**EXERCISE**
Copy the listing verbatim, excluding any images found in it.

**DATA PROVIDED**
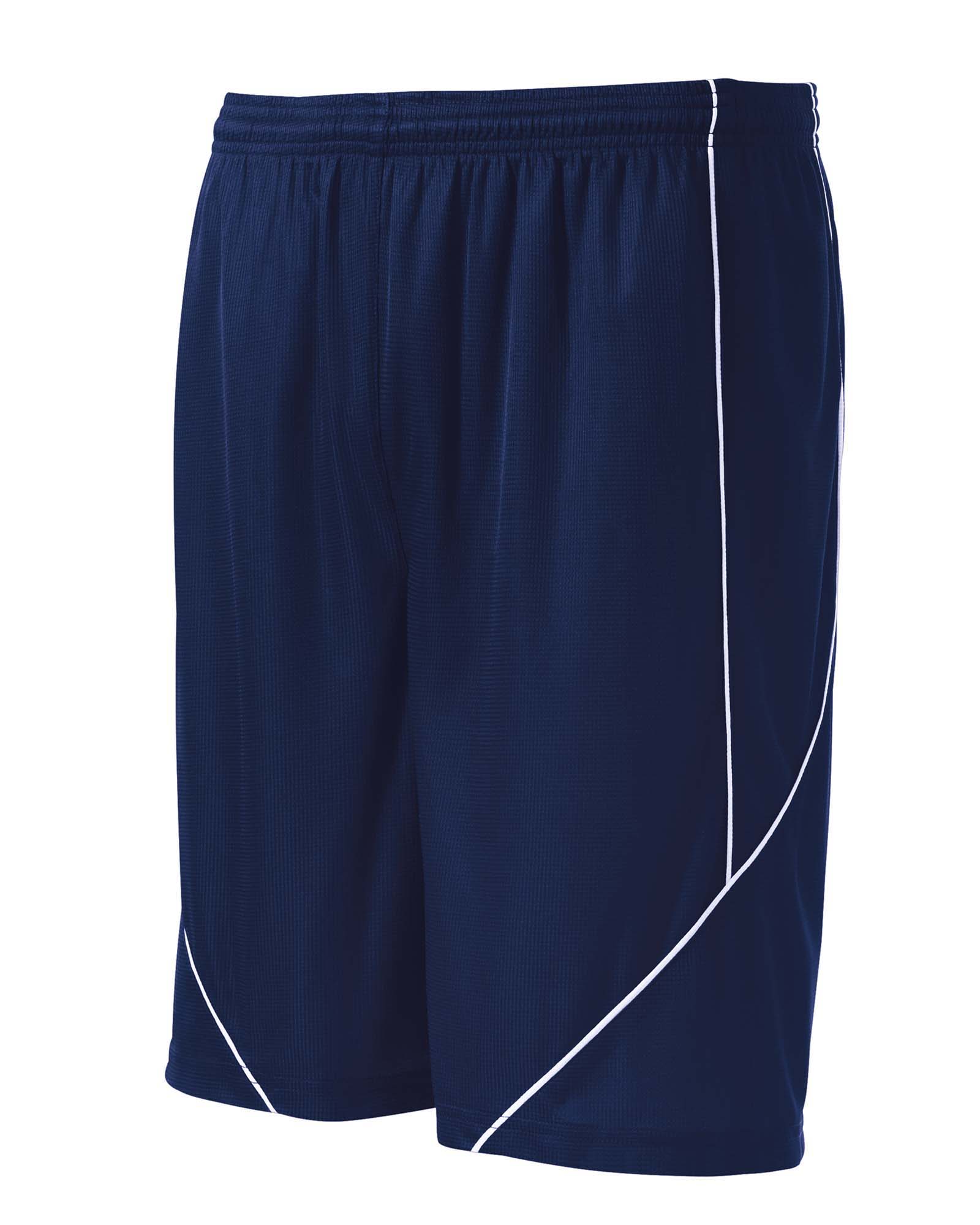 Sport-Tek® PosiCharge® Mesh Reversible Spliced Short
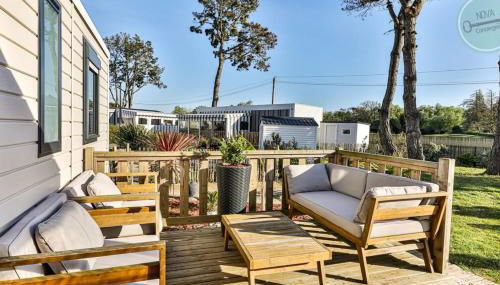 Mobil-home dans parc résidentiel - Foto 2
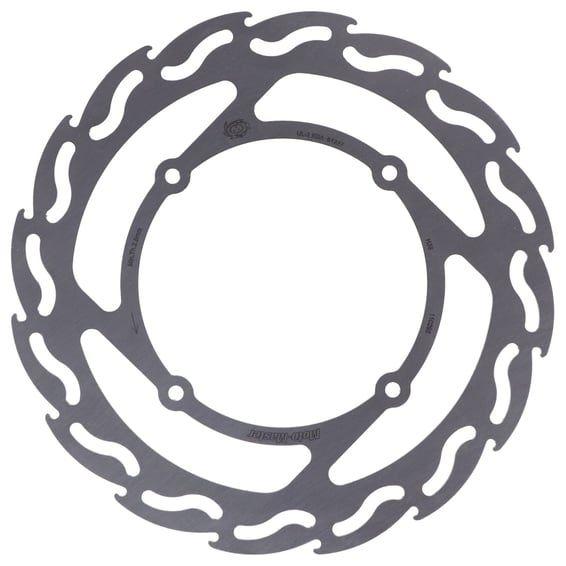 Flame series fixed brake rotor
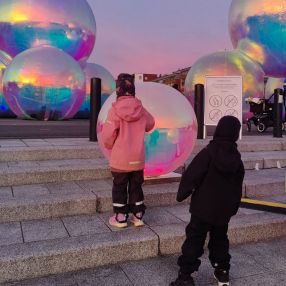 Tiia, Family in Jyväskylä
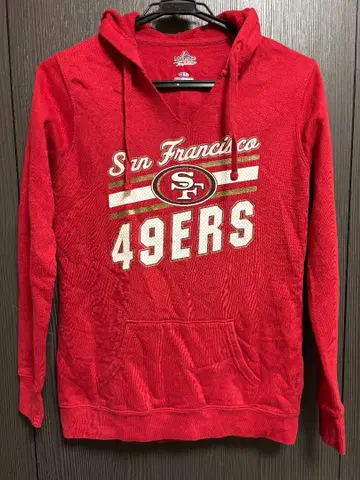 샌프란시스코 49ers 후드 부착 후드티 M 사이즈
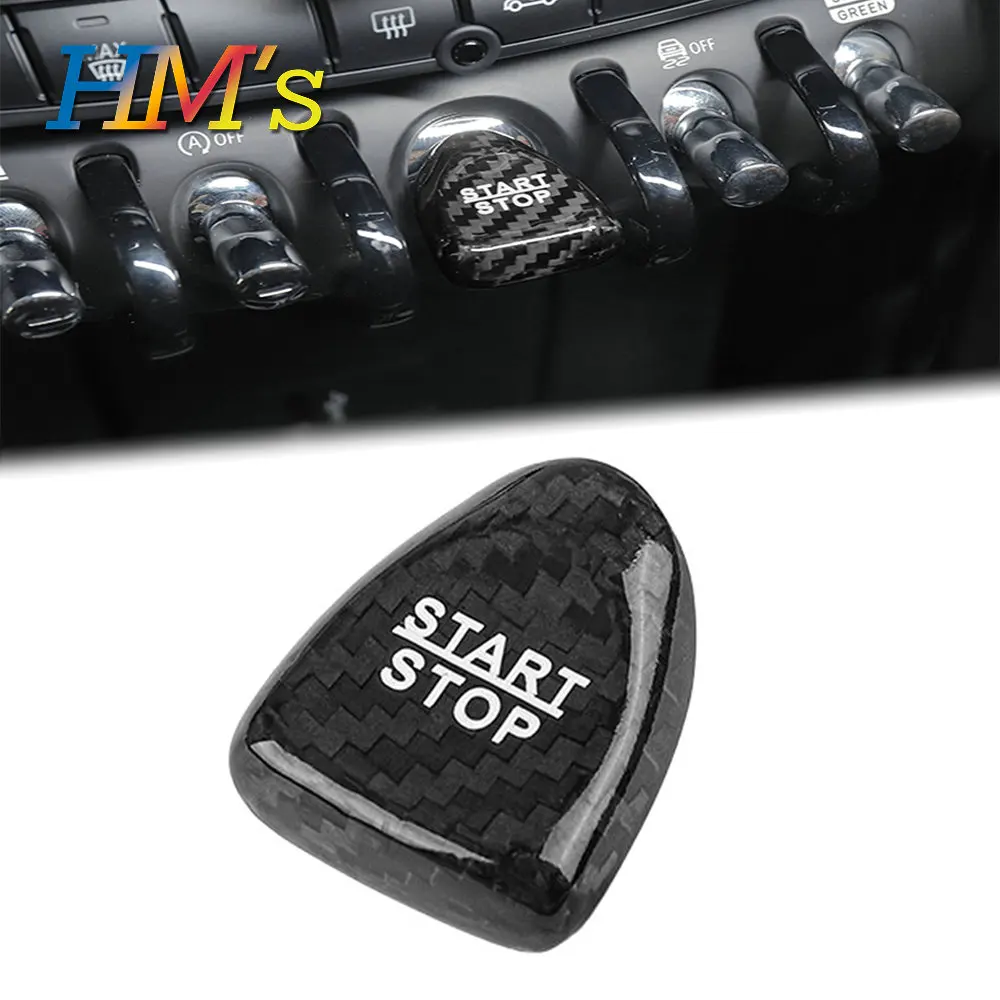 Автомобильные аксессуары для Mini Cooper F54 F55 F56 F57 F60 JCW S, чехол из натурального углеродного волокна для запуска и остановки двигателя, чехол с кнопкой зажигания
Автомобильные аксессуары для Mini Cooper F54 F55 F56 F57 F60 JCW S, чехол из натурального углеродного волокна для запуска и остановки двигателя, чехол с кнопкой зажигания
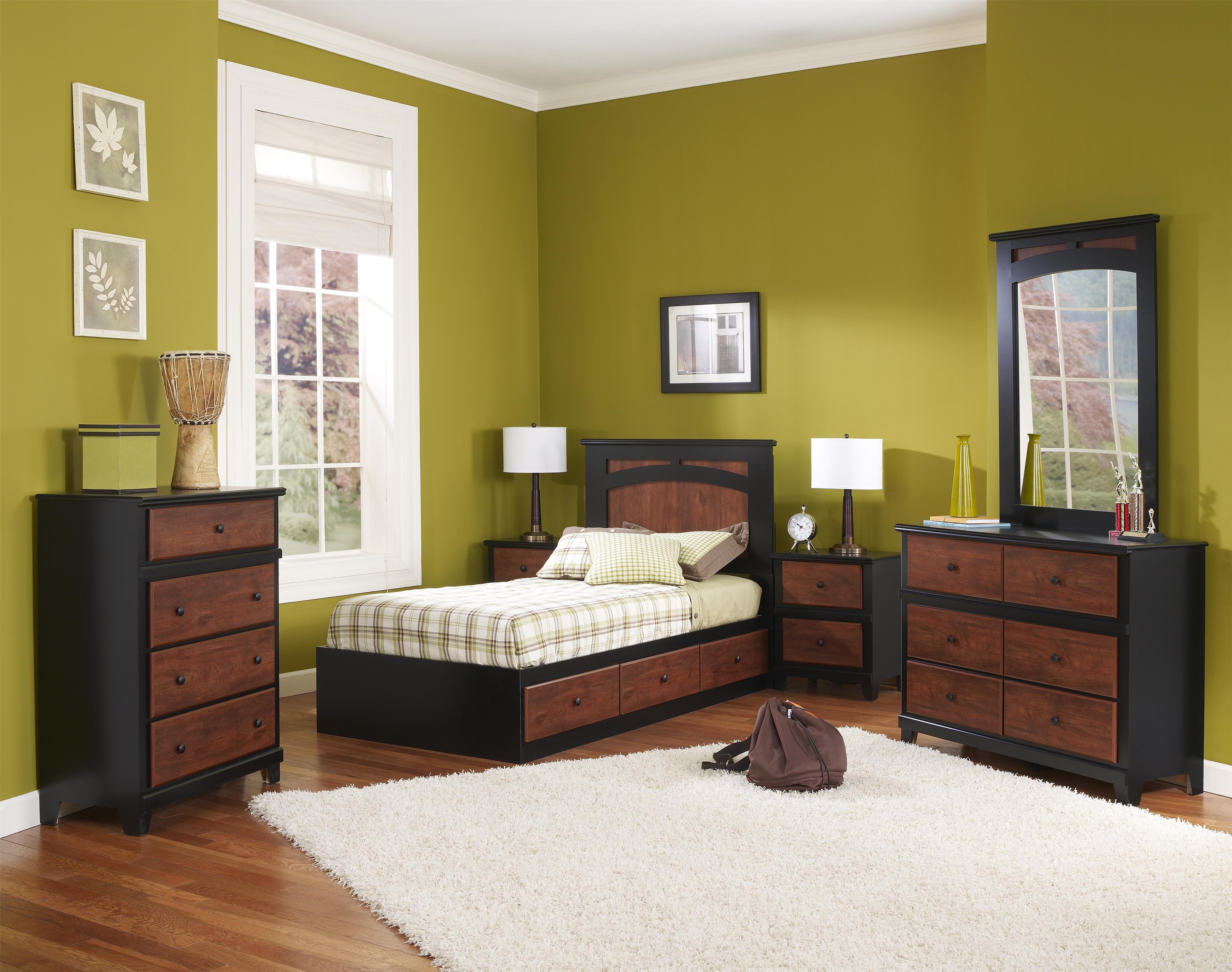 Perdue 49000 Series Nightstand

**TASK RESPONSE**
 Sport-Tek® PosiCharge® Mesh Reversible Spliced Short
 Mobil-home dans parc résidentiel - Foto 2
 Flame series fixed brake rotor
 Tiia, Family in Jyväskylä
 샌프란시스코 49ers 후드 부착 후드티 M 사이즈
 Автомобильные аксессуары для Mini Cooper F54 F55 F56 F57 F60 JCW S, чехол из натурального углеродного волокна для запуска и остановки двигателя, чехол с кнопкой зажигания
Автомобильные аксессуары для Mini Cooper F54 F55 F56 F57 F60 JCW S, чехол из натурального углеродного волокна для запуска и остановки двигателя, чехол с кнопкой зажигания
 Perdue 49000 Series Nightstand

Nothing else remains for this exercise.